Dominick Stevens said:


> Mr. John,
> 
> Thanks for that bit of info. Really, that's all I'm looking for, confirmation that he actually boarded the train. He's fiercely independent, which can only be admired, but reaching an age where he can easily "overreach" and I can't help being concerned, protective. Again, Thank you.


You're welcome Dominick


----------



## cpotisch (May 20, 2018)

Dominick Stevens said:


> Mr. John,
> 
> Thanks for that bit of info. Really, that's all I'm looking for, confirmation that he actually boarded the train. He's fiercely independent, which can only be admired, but reaching an age where he can easily "overreach" and I can't help being concerned, protective. Again, Thank you.


Oh. I thought you were asking if there was any way to confirm he boarded _without_ asking your brother - that you wouldn’t trust him to tell you the truth about it since he’s so independent. So yeah, just text/call/email him to verify, and you should be all good!


----------



## TinCan782 (May 20, 2018)

cpotisch said:


> Dominick Stevens said:
> 
> 
> > Mr. John,
> ...


That, *cpotisch*, was the basis for my response. Dominick could use that as a method of checking rather than waiting for a text from his brother. If he knows the reservation number and email address attached to the ticket, he could "Find a Reservation" via the app.


----------



## the_traveler (May 20, 2018)

Many are talking about the dinner box out of Portland and how it is given around Vancouver. Note that he is boarding in Pasco (which is almost to Spokane) around 9 pm!


----------



## cpotisch (May 20, 2018)

the_traveler said:


> Many are talking about the dinner box out of Portland and how it is given around Vancouver. Note that he is boarding in Pasco (which is almost to Spokane) around 9 pm!


The context was primarily that the Capitol will soon offer cold boxed meals, somewhat like the Portland section dinner. Not that Bob will be served it.


----------



## the_traveler (May 20, 2018)

The original question that was asked was “What is the 1st meal (he) will be served on the Empire Builder”, and many were saying the dinner out on Portland which you get in Vancouver.


----------



## spinnaker (May 20, 2018)

Dominick Stevens said:


> A very big and grateful THANKS!! to all who replied about meals.
> 
> One more question, please.......
> 
> ...



Why not have him simply call you when he boards the train? He does have a cell phone?


----------



## William (May 21, 2018)

Good luck to your independent brother. He will enjoy himself immensely. I am over 80 and do a trans-continental Amtrak trek every year. It is not the easiest thing in the world, however. I have always said it's a bit like "Fancy Camping". There are unknowns and rules and certain knowledges that one must understand in order to make ones journey a pleasant one. A 90 year old friend of mine, who took a solo journey like mine thought he could do it as well. Well, he didn't hear the announcements and missed dinner once. Then after meeting new friends at a meal, decided they would have dinner again at 8PM that night. He went at eight only to discover that the last seating had passed. I encourage your Brother to do his "homework" on sites like this. It will make for a much more enjoyable Amtrak experience.


----------



## cpotisch (May 21, 2018)

spinnaker said:


> Dominick Stevens said:
> 
> 
> > A very big and grateful THANKS!! to all who replied about meals.
> ...


He already said that's what he was going to do.


----------



## William (May 22, 2018)

As to your question re: Trip Insurance offered by Amtrak, I have had experience with this and offer that with a caveat. I ticked the choice on each leg of a booked Amtrak Journey. When I went to the Insurance provider to have them all put into one coverage, I discovered that one only covered the loss of my electronics, Another did have trip cancellations, but with many exclusions. I will keep it for my upcoming trip, and hope for the best. But in the future, I will go to one of the highest rated providers that my needs require. A Google search gave me all the choices one could want - including price points and value. Also, there is the potential cost for the families of those with advanced years of "re-patriation of remains", which can cost up to 20K, should the misfortune arise.
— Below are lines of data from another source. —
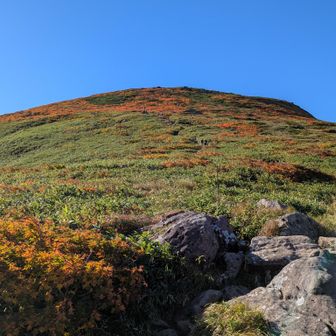 素晴らしい景色。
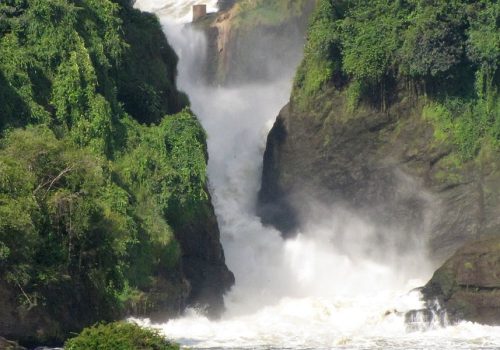 3 Days Murchison Falls National Park Tour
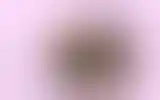 Blurred archive preview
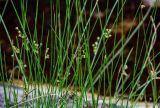 Juncus filiformis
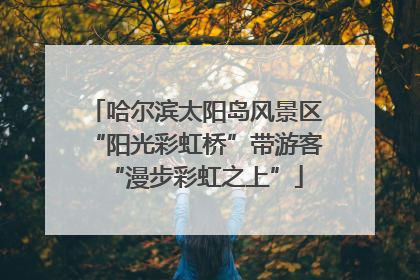 哈尔滨太阳岛风景区“阳光彩虹桥”带游客“漫步彩虹之上”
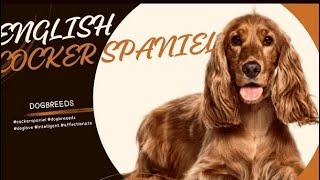 The Ultimate Guide to English Cocker Spaniel’s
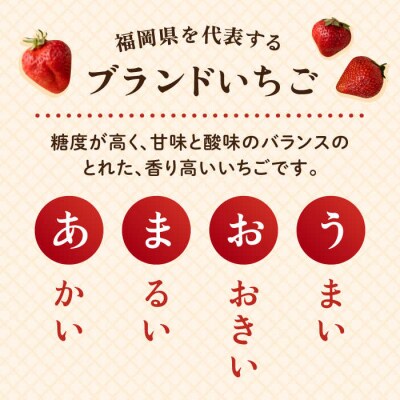 糸島産【春】 あまおう 4パック 【南国フルーツ株式会社】[AIK008]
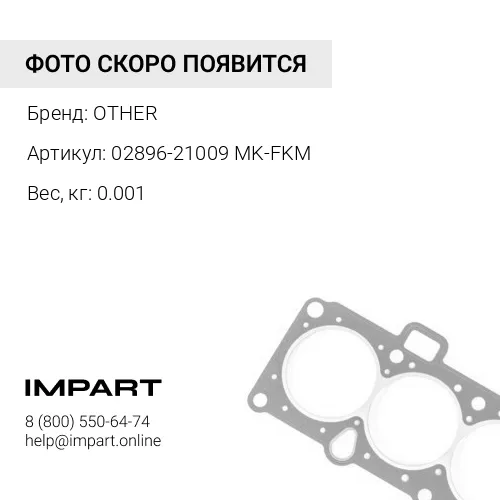 02896-21009 MK-FKM УПЛОТНИТЕЛЬНОЕ КОЛЬЦО OTHER
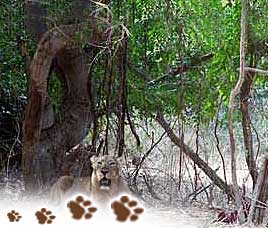 Climate in Gir National Park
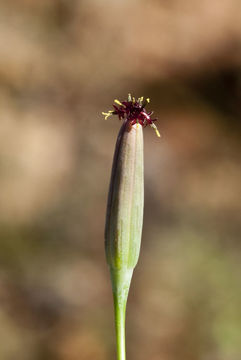 Image of yerba porosa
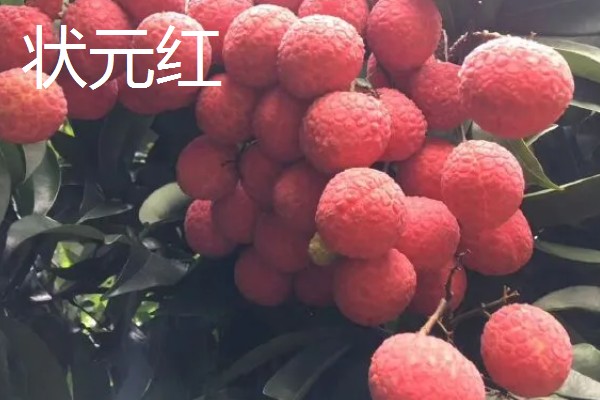 宜宾大塔荔枝的特点,肉厚多汁入口化渣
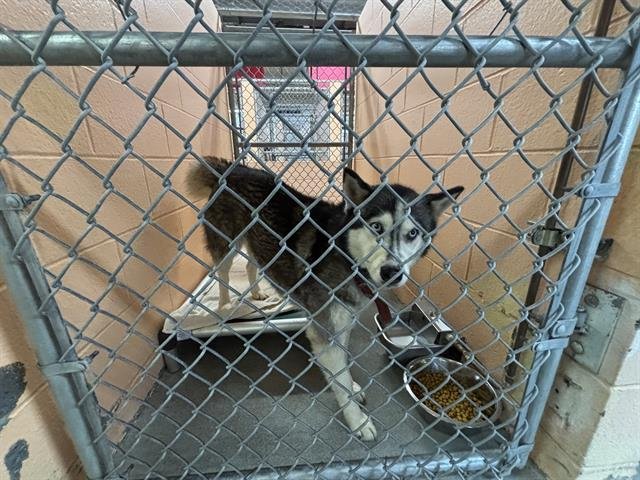 MAYA - Siberian Husky available for adoption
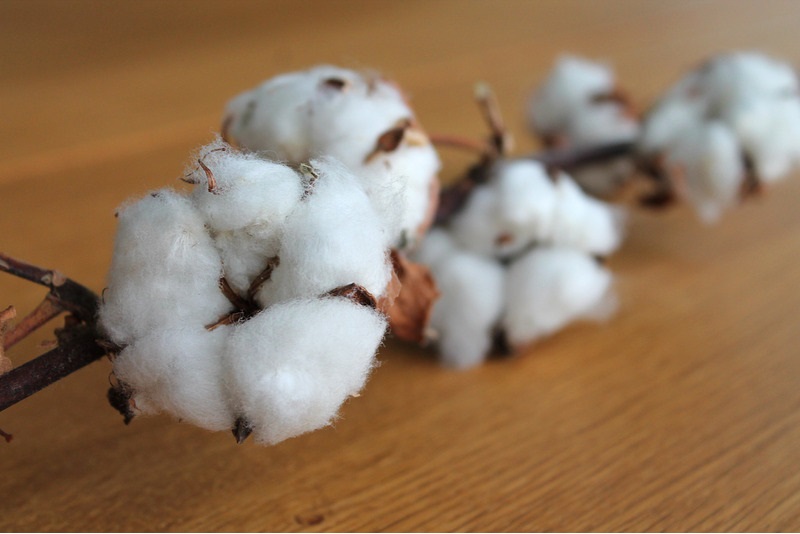 Cotton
And if you used Amtrak Rewards for any part of your itinerary, I imagine they don't deal with the return of those (very valuable) points; only "The cost of the trip".

I hope this helps.


----------



## Dominick Stevens (May 22, 2018)

I write to again thank all who have posted and shared the vast knowledge base all of you have acquired. I sent my brother Bob a cell phone. He called me on the house phone and told me it doesn't work..........no "dial tone"......

I'm looking at this Consumer Cellular unit that indeed has a dial tone and will send that out to him...

But in reality, I don't expect him to be able to really use it until he gets here to Washington D.C. and I can walk him through it's operation.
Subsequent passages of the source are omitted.